Der Tourismusforscher der KU gehört zu den Referenten einer Tagung der Thomas-Morus-Akademie Bensberg, die sich mit dem Verhältnis von Kirche und nachhaltigem Tourismus in Corona-Zeiten beschäftigt. Mit-Veranstalter ist die Katholische Arbeitsgemeinschaft Freizeit und Tourismus der Deutschen Bischofskonferenz, der Pechlaner angehört. Zudem richtet er in Kürze gemeinsam mit dem touristischen Dachverband von Nordrhein-Westfalen die Fachtagung „Auf dem Weg zu einem Ökosystem der Gastlichkeit“ aus.

Frühere Formen des Reisens könnten laut Pechlaner wieder an Attraktivität gewinnen – etwa das Unterwegssein von Ort zu Ort wie bei einer Pilgerreise. „Wir waren auf Erlebnis aus und nicht auf Erfahrung.“ Dafür braucht es aber Zeit und Raum – dabei könne die Kirche Unterstützung bieten. Im Moment würden die Menschen ihre Freiheit wieder auskosten wollen, die man mit bekannten Reisemustern verbinde, weil man es nicht anders kenne. „Aber ich denke, wir werden mittel- bis langfristig einen Bewusstseinswandel erkennen können: Unter welchen Bedingungen will ich überhaupt verreisen? Und wie nachhaltig gestaltet sich eine Reise? Vor allem die jungen Menschen, die nun auf die Märkte drängen, werden dazu beitragen“, schildert Pechlaner, der unter anderem wissenschaftlicher Leiter des Kompetenzzentrums Tourismus des Bundes ist.

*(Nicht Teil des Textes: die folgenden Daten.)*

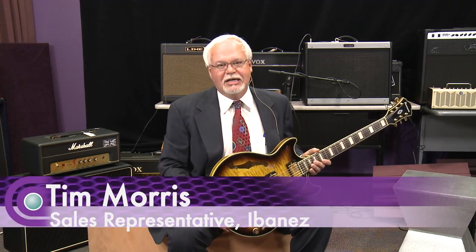Hi, I'm Tim with Ibanez Guitars and I'm here at Full Compass Music Expo today. I'd like to show off this guitar that has been getting a lot of attention out on the floor. It's the Artcore AM 93 in the Antique Yellow Sunburst.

Unter den touristischen Angeboten gebe es schon seit geraumer Zeit den Trend zur Sinnsuche im Urlaub. Marktseitig habe sich hier jedoch fast mehr getan als auf Seiten der Kirche. Sie habe den Trend zwar mitgenommen, ihn jedoch nicht im Sinne eines vollwertigen touristischen Angebotes weiterentwickelt. Es stelle sich die Frage, wie Kirche künftig den Bereich Tourismuspastoral für sich definieren wolle. In Zeiten knapper werdender Kassen und neuer Nachfrageformen liege es nahe, solche Angebote zu professionalisieren. „Wichtig ist es, all dies aus der Tourismuspastoral her zu verstehen. Kirche und Tourismus sind dabei weniger als Fluchtpunkt zu verstehen, an dem man sich abschottet und vom Rest der Welt verabschiedet, sondern gerade neue Perspektiven eröffnen. Touristische Angebote der Kirche könnten die Menschen noch stärker auf ihrer Lebensreise begleiten.“

Die Akteure des Tourismus könnten zukünftig nicht mehr alleine die Entwicklung des Tourismus bestimmen, sondern müssten die Menschen des Lebensraumes in die Entscheidungen mit einbeziehen. Die Lebensqualität der einheimischen Bevölkerung sei die Grundlage für eine gelingende Erlebnisqualität für die Gäste. Die Zwangspause durch Corona habe in vielen Regionen, die zuvor von einem Zuviel an Tourismus belastet waren, die Ressentiments gegenüber der Branche verstärkt. „Der Tourismus ist aber sehr stark von der positiven Einstellung breiter Bevölkerungskreise abhängig. Das hat auch Einfluss auf die Bereitschaft, einen Beruf in Hotellerie oder Gastronomie zu ergreifen. Man muss diesen Dienstleistungen wieder mehr Wertschätzung geben. Ich glaube, die Pandemie könnte dabei etwas bewirken“, prognostiziert Pechlaner.